**AIM OF THE TASK**.
Take the data below and copy exactly the lines starting at the one with "Maja Wandleuchte Weiß" and finishing at the one with "Wandleuchte Echt-Messing Glas", both included.

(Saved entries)
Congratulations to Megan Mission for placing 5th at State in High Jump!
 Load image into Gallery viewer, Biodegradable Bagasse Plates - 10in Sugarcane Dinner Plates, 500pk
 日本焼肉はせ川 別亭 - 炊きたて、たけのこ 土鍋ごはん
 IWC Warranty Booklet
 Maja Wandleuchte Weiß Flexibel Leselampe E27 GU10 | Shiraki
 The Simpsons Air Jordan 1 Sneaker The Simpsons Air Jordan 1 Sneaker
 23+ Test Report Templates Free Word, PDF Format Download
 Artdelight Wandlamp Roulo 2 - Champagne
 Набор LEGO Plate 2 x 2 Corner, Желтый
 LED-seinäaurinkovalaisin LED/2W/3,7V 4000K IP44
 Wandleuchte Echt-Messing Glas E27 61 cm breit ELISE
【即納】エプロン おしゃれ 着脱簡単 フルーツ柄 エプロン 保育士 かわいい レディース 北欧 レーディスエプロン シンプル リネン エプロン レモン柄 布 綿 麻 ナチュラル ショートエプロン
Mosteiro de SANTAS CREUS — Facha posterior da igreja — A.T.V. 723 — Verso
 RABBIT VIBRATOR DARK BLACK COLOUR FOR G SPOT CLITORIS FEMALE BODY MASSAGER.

**TASK SOLUTION**.
 Maja Wandleuchte Weiß Flexibel Leselampe E27 GU10 | Shiraki
 The Simpsons Air Jordan 1 Sneaker The Simpsons Air Jordan 1 Sneaker
 23+ Test Report Templates Free Word, PDF Format Download
 Artdelight Wandlamp Roulo 2 - Champagne
 Набор LEGO Plate 2 x 2 Corner, Желтый
 LED-seinäaurinkovalaisin LED/2W/3,7V 4000K IP44
 Wandleuchte Echt-Messing Glas E27 61 cm breit ELISE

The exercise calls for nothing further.